Quand Revolut a commencé à commercialiser sa solution propriétaire de gestion des ressources humaines (sur un marché encombré), j'y voyais une simple excentricité. Or j'ai appris hier, à l'occasion d'une session de FinTech R:evolution 2025, que Checkout.com a aussi créé sa propre plate-forme. Serait-ce une tendance ? Est-elle justifiée ?
Historiquement, il s'agit probablement d'un des premiers domaines de l'entreprise dans lesquels l'externalisation informatique s'est imposée, sans être fondamentalement remise en cause pendant plusieurs décennies. Le raisonnement, apparemment logique, consiste à considérer que la gestion des effectifs est la même dans toutes les organisations et qu'un même logiciel est parfaitement à même de couvrir tous les besoins qu'elles ont en commun, en profitant ainsi d'économies d'échelle.
Mais pourquoi alors, deux FinTech (au moins) consacrent-elles une partie de leurs efforts à construire un système sur mesure ? Leurs fondateurs et directeurs généraux ont la même réponse, bien que formulée un peu différemment : pour Nik Storonsky, les produits du marché ne correspondent pas aux modes de fonctionnement de Revolut, tandis que, pour Guillaume Pousaz, l'objectif est d'aligner l'outil sur les valeurs de Checkout. Leur préoccupation est de prolonger le succès dans l'hyper-croissance.

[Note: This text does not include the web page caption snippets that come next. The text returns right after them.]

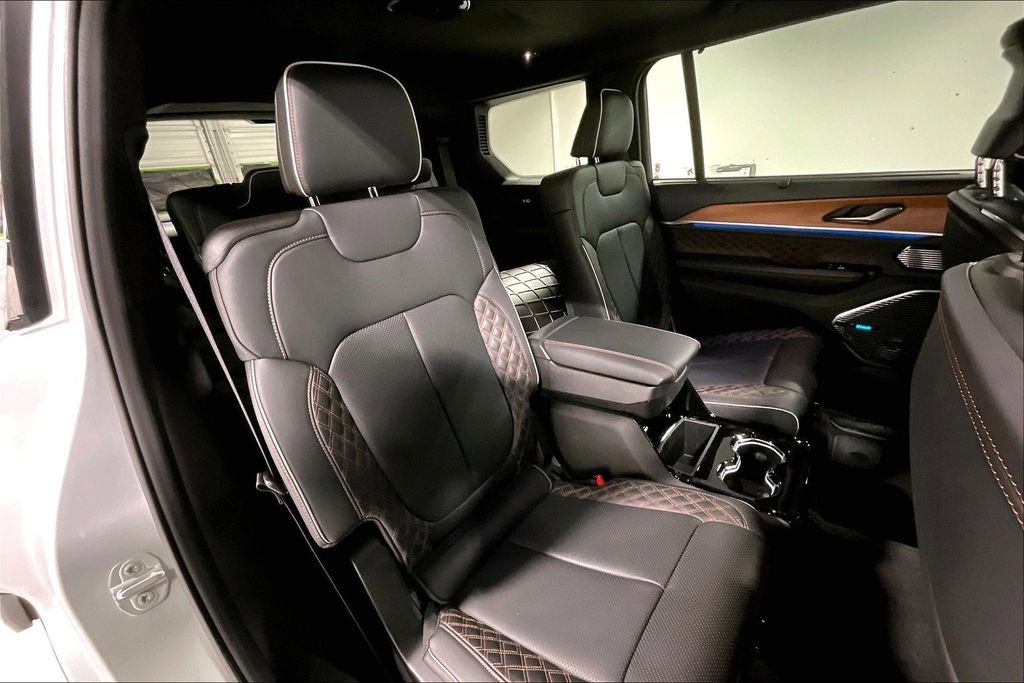 Used 2022 Jeep Grand Cherokee L Summit image 35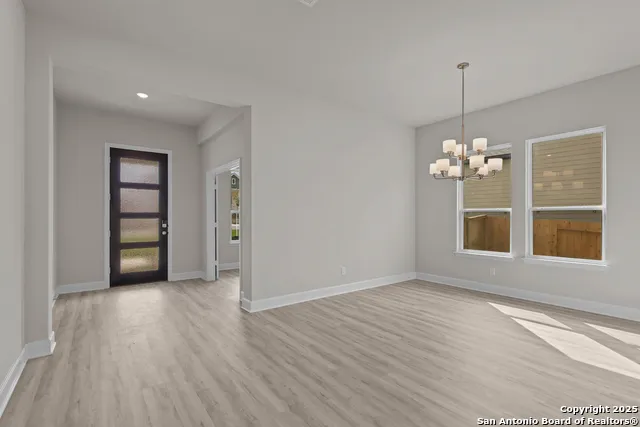 4519 Yoakum Valley Schertz, TX 78108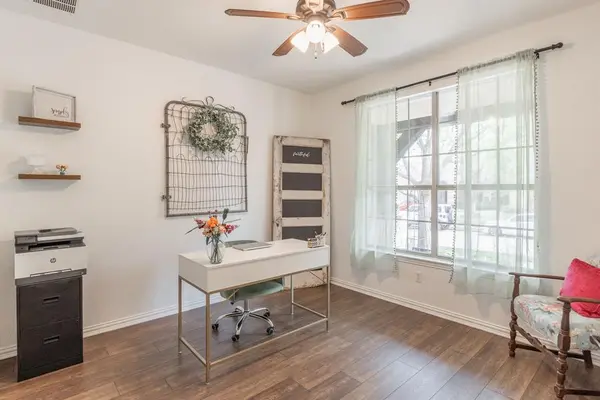 2909 Pioneer Drive, Melissa, TX 75454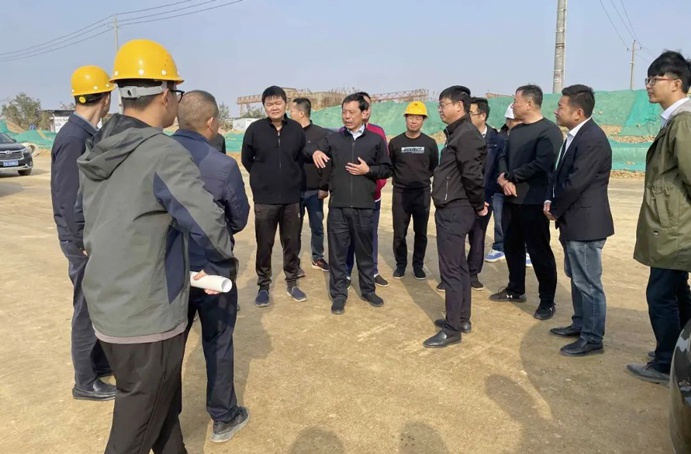 市政公用集團萬義輝深入朱橋東路綜合管廊及基礎(chǔ)設(shè)施建設(shè)工程、昌東三路道路建設(shè)工程檢查指導(dǎo)
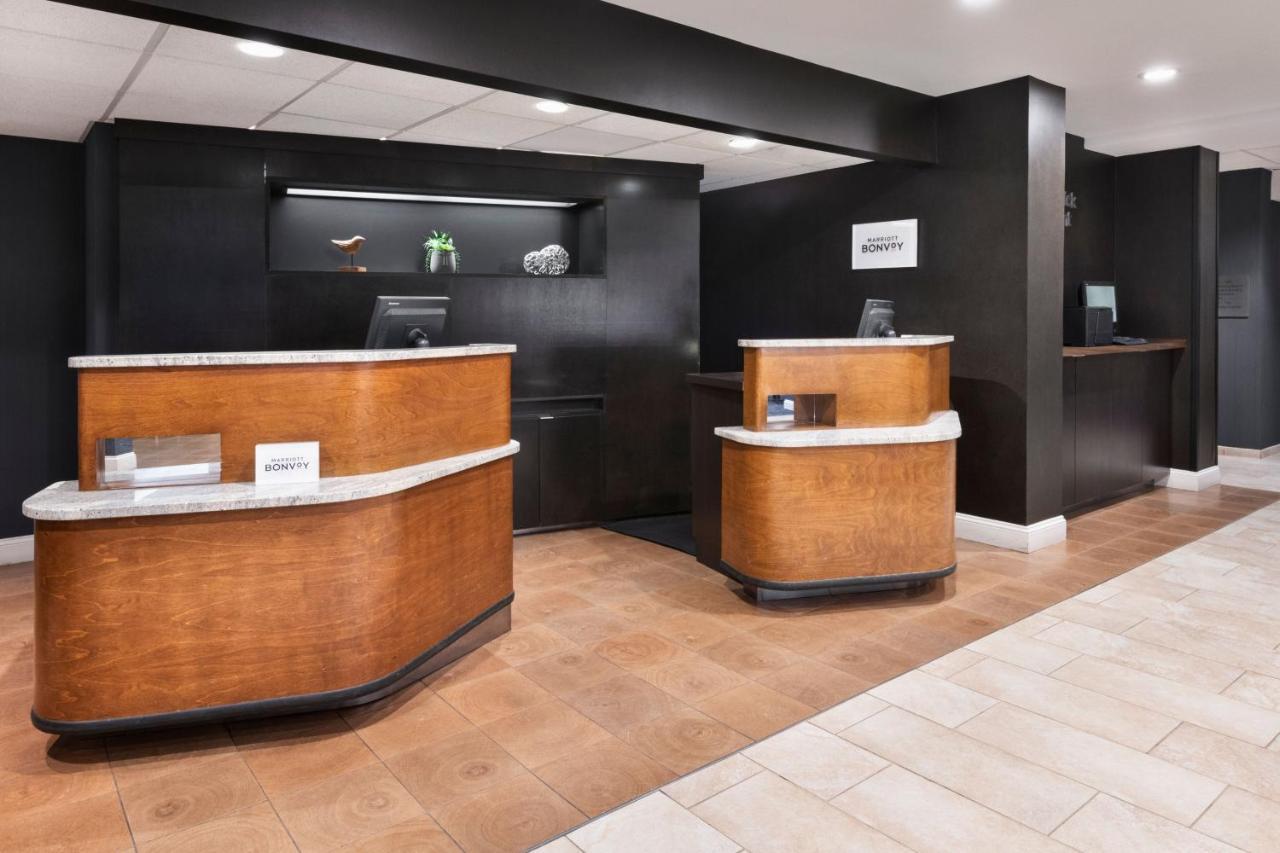 Courtyard By Marriott Burlington Ξενοδοχείο Εξωτερικό φωτογραφία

Ces visions révèlent deux clés essentielles de la réussite, susceptibles d'inspirer toutes sortes de structure (d'une certaine taille). D'une part, les employés constituent le capital le plus précieux de l'entreprise, qui doit donc être appréhendé comme un actif stratégique (ce qui vaut d'être rappelé dans un moment où l'IA pourrait prendre leur place). D'autre part, la plate-forme RH peut devenir un facteur d'ancrage de la culture, critique partout mais encore plus dans une transition de 10 à 1 000 salariés.
Dans une large mesure, cette approche revient à renverser l'a priori classique qui définit la gestion du personnel comme une fonction de support, sans caractère distinctif, perçue exclusivement comme un centre de coût. Au contraire, si on considère que les individus qui viennent travailler chaque matin sont une composante majeure de la performance, ils doivent évidemment bénéficier d'un modèle de suivi qui reconnaît celle-ci et, à l'extrême, par ricochet, se transforme lui-même en avantage concurrentiel.
Selon toute vraisemblance, l'appétence technologique des jeunes pousses en question influence leur choix de méthode. Il n'en reste pas moins que le déploiement d'un outil qui, en quelque sorte, fixe – sans obligatoirement les figer – les principes et les règles peut contribuer à éviter les écarts ponctuels puis les dérives à long terme par rapport aux valeurs internes. En revanche, la démarche est plus facile à mettre en œuvre dans un contexte de croissance, où ces orientations se diffusent d'abord par immersion dans une petite équipe, que dans un grand groupe partant d'une situation hétérogène.